The Times article didn’t discuss a few things are happening now that will make
recommendations a whole lot better soon. While collaborative filtering won’t go away, it will be used in
conjunction with other techniques and the quality of customer recommendations
will get way better.
- Social network data portability will soon enable very robust analysis of who someone’s explicit “friends” are, and one would expect that friends are more likely predictors of purchase intent than strangers who are similar in certain dimensions.
- Link analysis techniques being applied in consumer marketing applications will make it a lot easier to know who a person’s real friends are, and to implicitly identify them even if they’re not in the expressed social graph.
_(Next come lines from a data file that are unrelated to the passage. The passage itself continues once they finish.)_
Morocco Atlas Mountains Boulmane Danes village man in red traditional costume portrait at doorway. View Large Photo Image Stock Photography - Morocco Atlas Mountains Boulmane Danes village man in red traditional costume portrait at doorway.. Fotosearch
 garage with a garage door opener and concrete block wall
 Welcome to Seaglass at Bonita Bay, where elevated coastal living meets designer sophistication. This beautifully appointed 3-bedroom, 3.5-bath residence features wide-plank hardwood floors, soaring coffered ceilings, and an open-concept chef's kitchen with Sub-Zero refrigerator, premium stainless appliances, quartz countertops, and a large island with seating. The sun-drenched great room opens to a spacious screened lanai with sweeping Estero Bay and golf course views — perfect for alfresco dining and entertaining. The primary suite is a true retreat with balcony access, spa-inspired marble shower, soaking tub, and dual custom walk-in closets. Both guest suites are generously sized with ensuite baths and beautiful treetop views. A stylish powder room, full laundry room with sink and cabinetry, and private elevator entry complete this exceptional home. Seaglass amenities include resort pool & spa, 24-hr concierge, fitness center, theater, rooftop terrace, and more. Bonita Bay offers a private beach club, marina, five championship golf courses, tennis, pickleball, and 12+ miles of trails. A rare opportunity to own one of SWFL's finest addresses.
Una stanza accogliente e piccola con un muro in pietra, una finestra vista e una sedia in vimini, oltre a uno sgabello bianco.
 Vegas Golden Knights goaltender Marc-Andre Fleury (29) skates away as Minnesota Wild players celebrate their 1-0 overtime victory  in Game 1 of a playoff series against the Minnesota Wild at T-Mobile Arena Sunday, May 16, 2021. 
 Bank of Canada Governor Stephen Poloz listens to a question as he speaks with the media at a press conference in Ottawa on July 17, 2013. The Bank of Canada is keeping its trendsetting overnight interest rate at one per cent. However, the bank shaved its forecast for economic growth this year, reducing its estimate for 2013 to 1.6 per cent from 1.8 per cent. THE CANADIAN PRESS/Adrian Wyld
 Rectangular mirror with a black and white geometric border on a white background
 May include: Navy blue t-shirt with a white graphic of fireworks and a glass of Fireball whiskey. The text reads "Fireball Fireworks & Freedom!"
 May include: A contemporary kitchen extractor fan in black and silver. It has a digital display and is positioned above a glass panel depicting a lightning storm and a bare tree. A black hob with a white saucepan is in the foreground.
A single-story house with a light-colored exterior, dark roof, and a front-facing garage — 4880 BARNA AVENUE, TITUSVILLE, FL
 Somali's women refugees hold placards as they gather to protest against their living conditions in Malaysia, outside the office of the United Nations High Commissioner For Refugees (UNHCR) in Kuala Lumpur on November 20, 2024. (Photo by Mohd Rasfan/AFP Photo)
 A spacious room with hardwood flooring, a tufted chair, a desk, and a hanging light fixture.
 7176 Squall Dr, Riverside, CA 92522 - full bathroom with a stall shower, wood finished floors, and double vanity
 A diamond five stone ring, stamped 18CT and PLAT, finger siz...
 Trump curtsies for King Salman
- Better metadata from microformat-using product and content pages will provide more, and more robust grist for the mill.
- Consumer interest profiles are getting better, fast: deep packet inspection and clickstream –based profiles generated by the likes of Phorm, Adzilla, NebuAd, and Loomia are now adding to the hopper, and next generation services that do information extraction on this sort of data will create much more meaningful, actionable metadata.